=== Task statement ===
Pictures are not part of the answer. Write out exactly the lines from the one containing "5698 Blendon Place" through the end of the material below.
━━━━━━━━
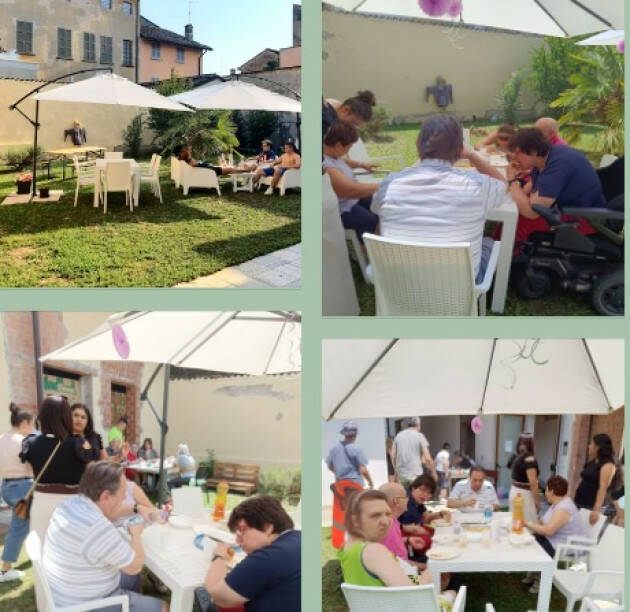 Comitato Soresina Solidale Il giardino della CAH arredato
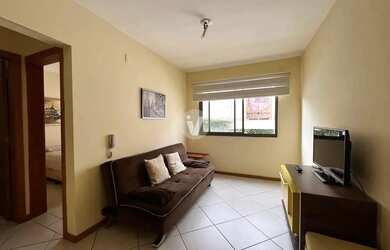 Imagem: O apartamento possui 1 Dormitório, 1 Banheiro, 1 Vaga na garagem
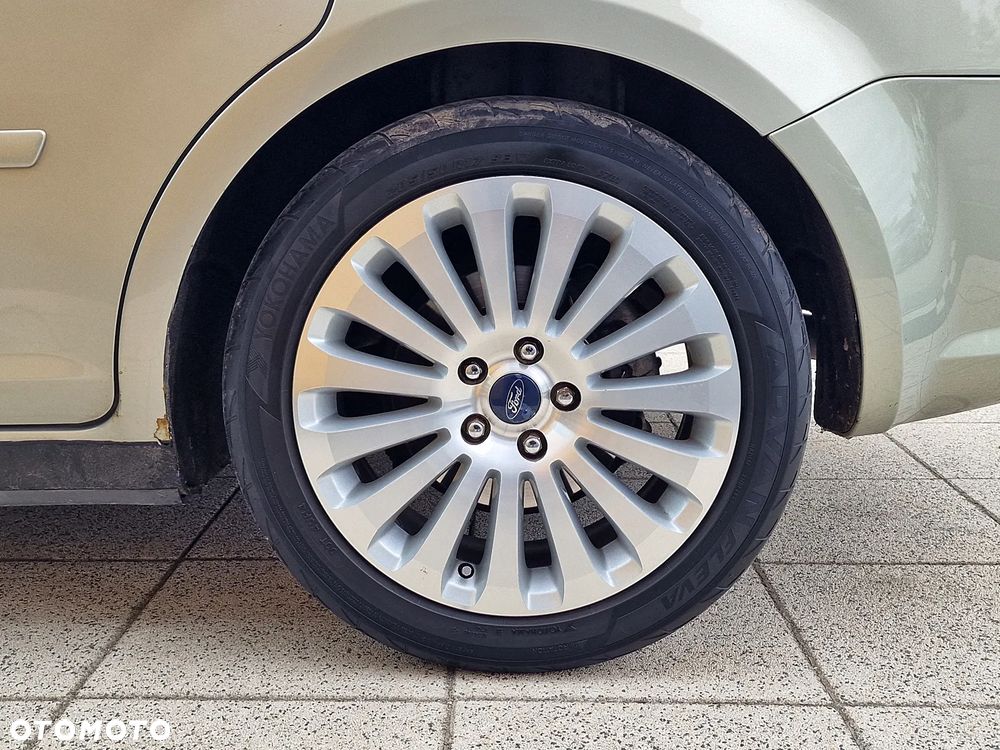 Ford C-MAX 2.0 TDCi DPF Titanium - 17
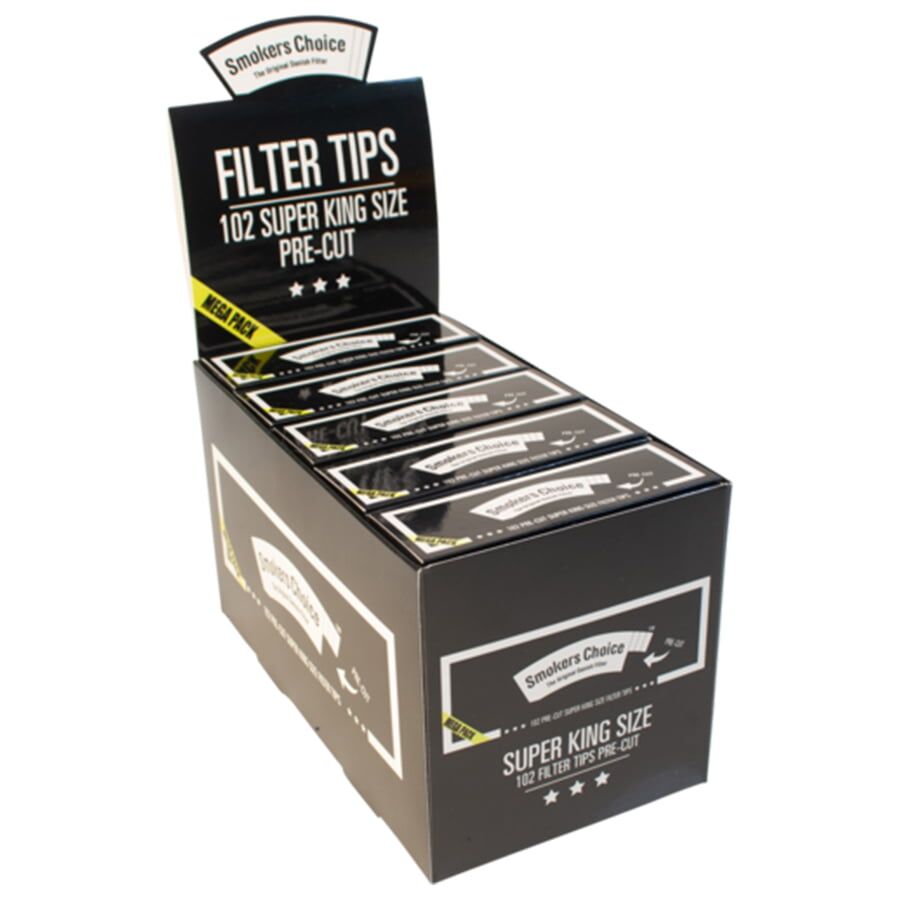 En displayboks viser en Mega Pack med 102 Pre-Cut Black Super King Size filterspidser, med et sort og gult design med sprød hvid tekst, der understreger høj kvalitet.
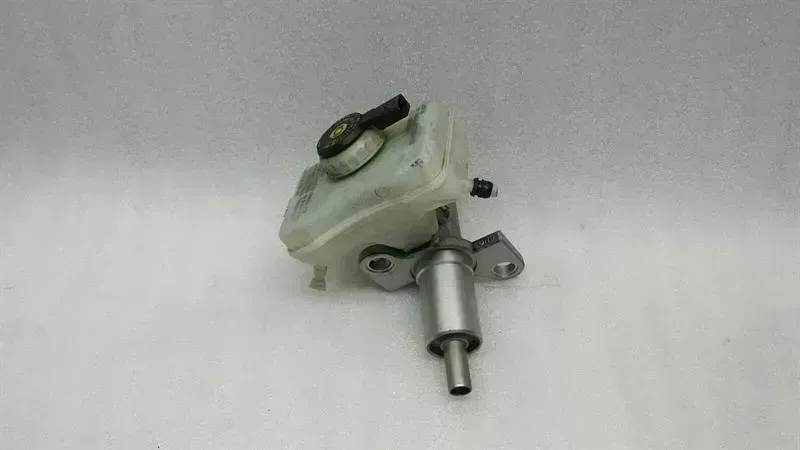 Audi A4 (B9) 2015-... Audi A4 8K Brake Master Cylinder 8K0611301A Brake Master Cylinder
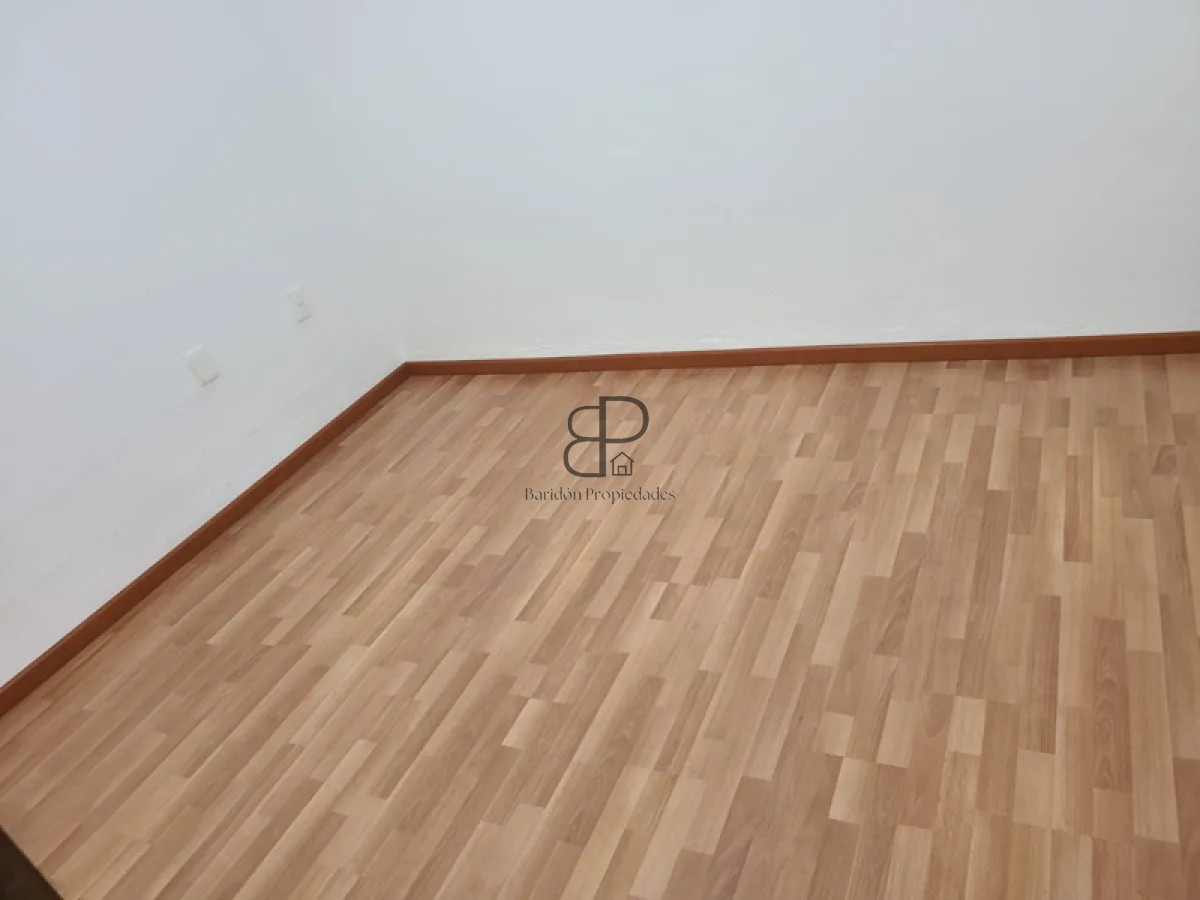 Casa ID.5232 - Venta con renta Casa 4 Dormitorios Cordon con patio y garaje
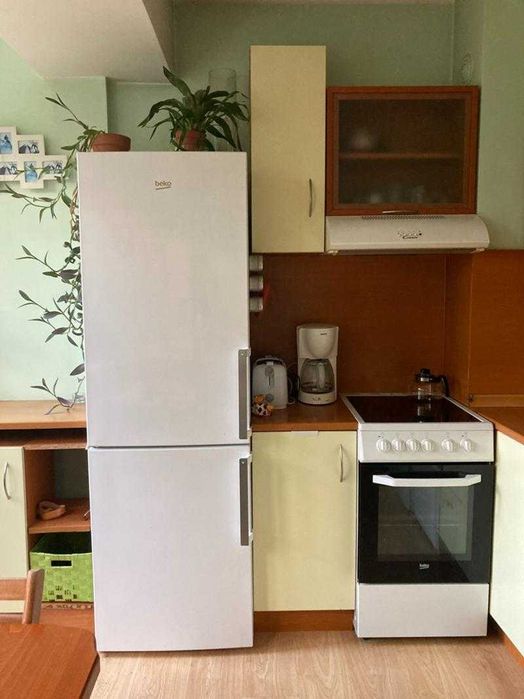 Дава се под наем Двустаен апартамент в София, Гоце Делчев - 60 кв.м за 325 € - Снимка #2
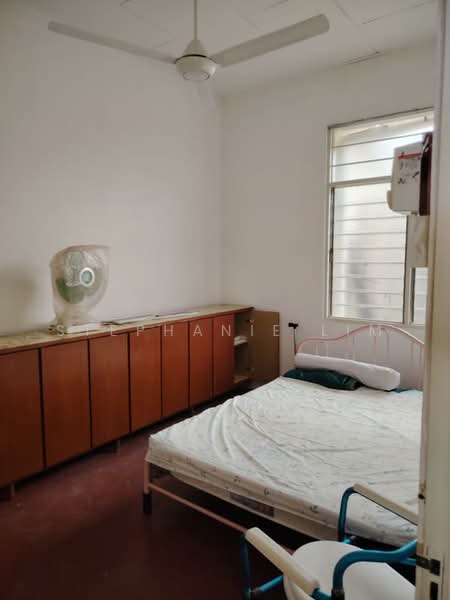 Terraced House for Rent in Jelutong (Penang) - Stephanie Lim - Bedroom - PropertyGuru.com.my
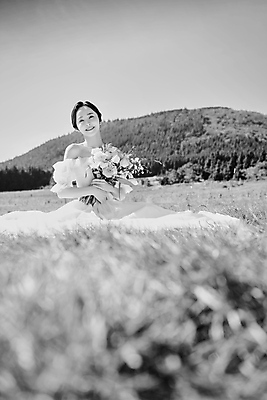 포토 JPG 주간 응시 여자 신부 부케 웨딩드레스 결혼 하늘 흑백 사랑 한명 미소 들기 앉기 초원 상반신 20대 성인 야외 앞모습 제주도 한국인 성인여자한명만 웨딩촬영 국내포토 자연요소 1 시선 드레스 감정 뷰포인트 꽃다발 모션 한국 촬영기법 표정 사람 동양인 이벤트 청년 기념사진 여자한명만 성인여자만 파일형식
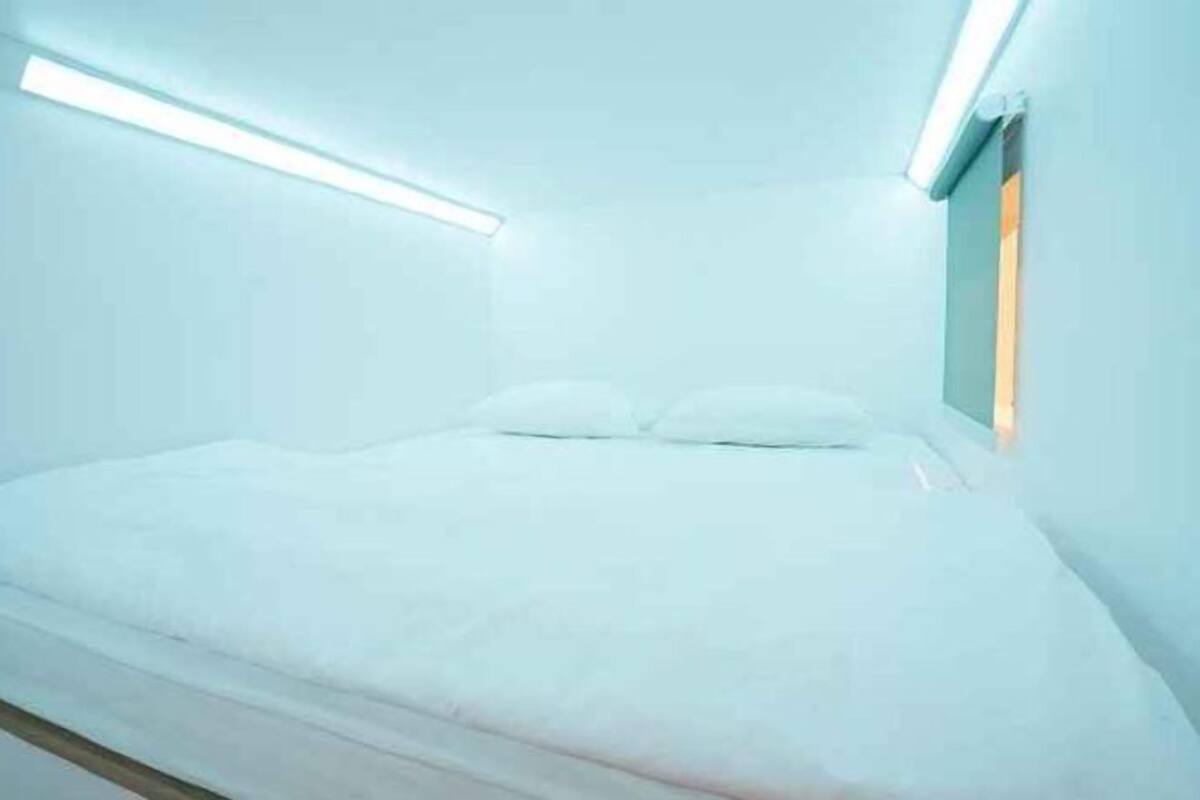 1 habitación, insonorización, wifi gratis y ropa de cama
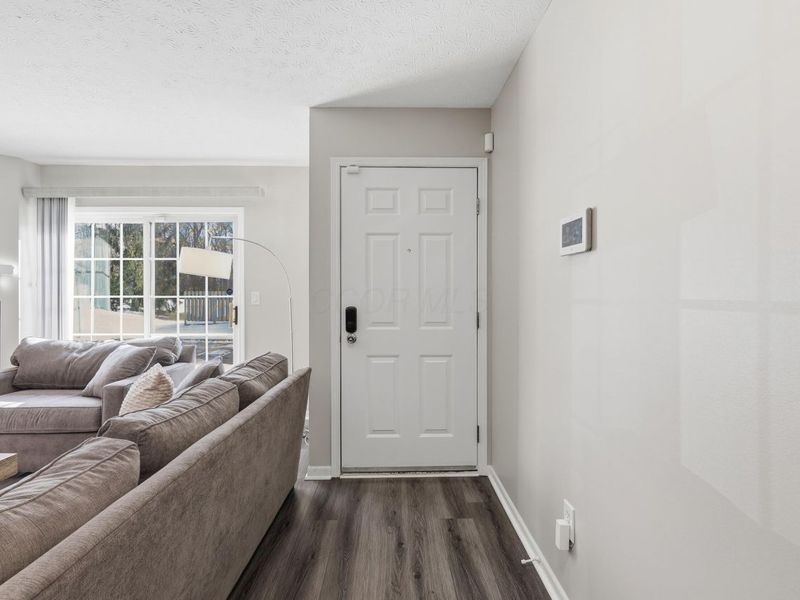 5698 Blendon Place Drive, Unit 74E, Columbus, OH 43230 Photo 6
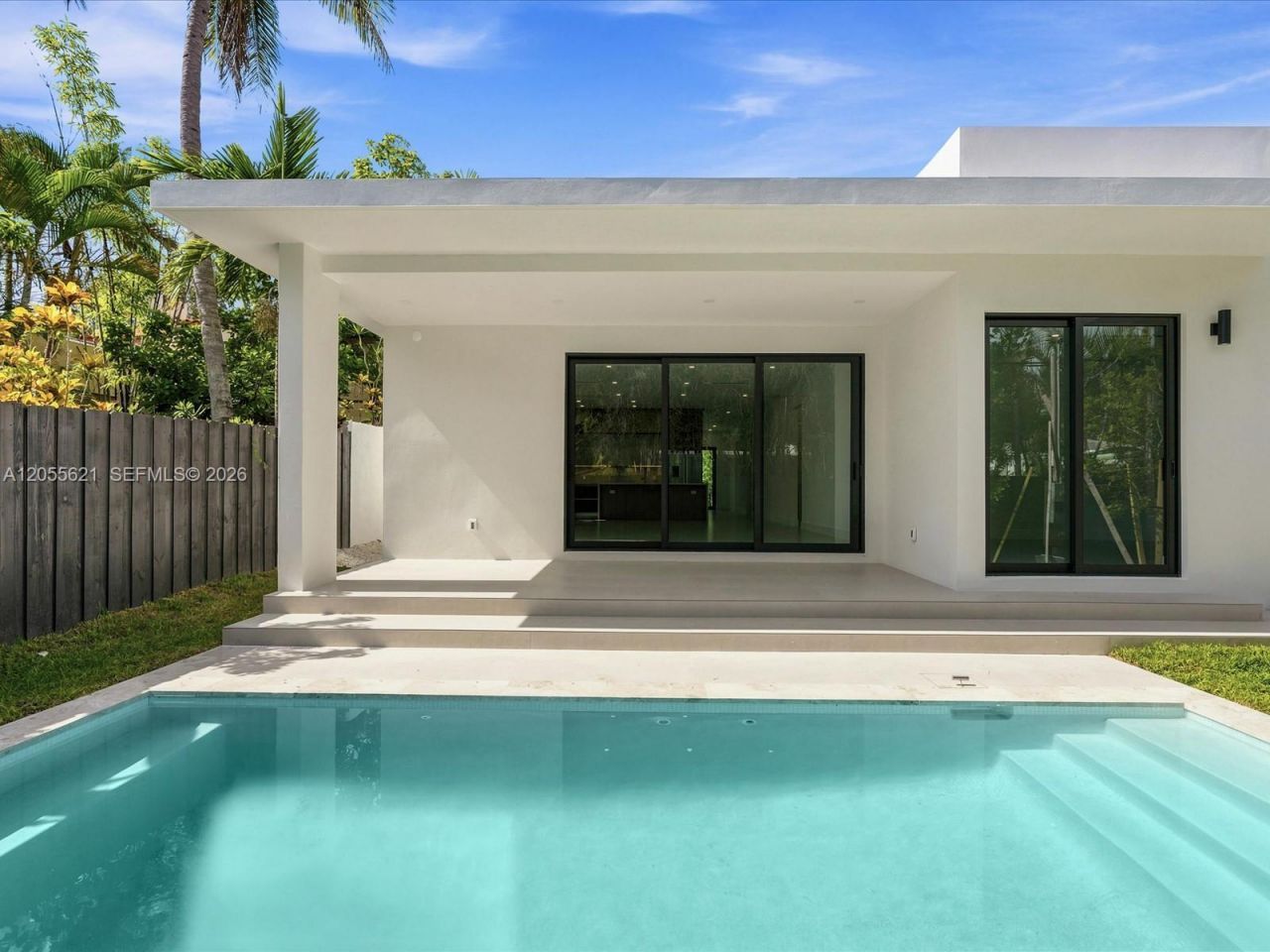 1621 SW 11th Ter , Miami, FL 33135 Photo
━━━━━━━━
=== Task response ===
 5698 Blendon Place Drive, Unit 74E, Columbus, OH 43230 Photo 6
 1621 SW 11th Ter , Miami, FL 33135 Photo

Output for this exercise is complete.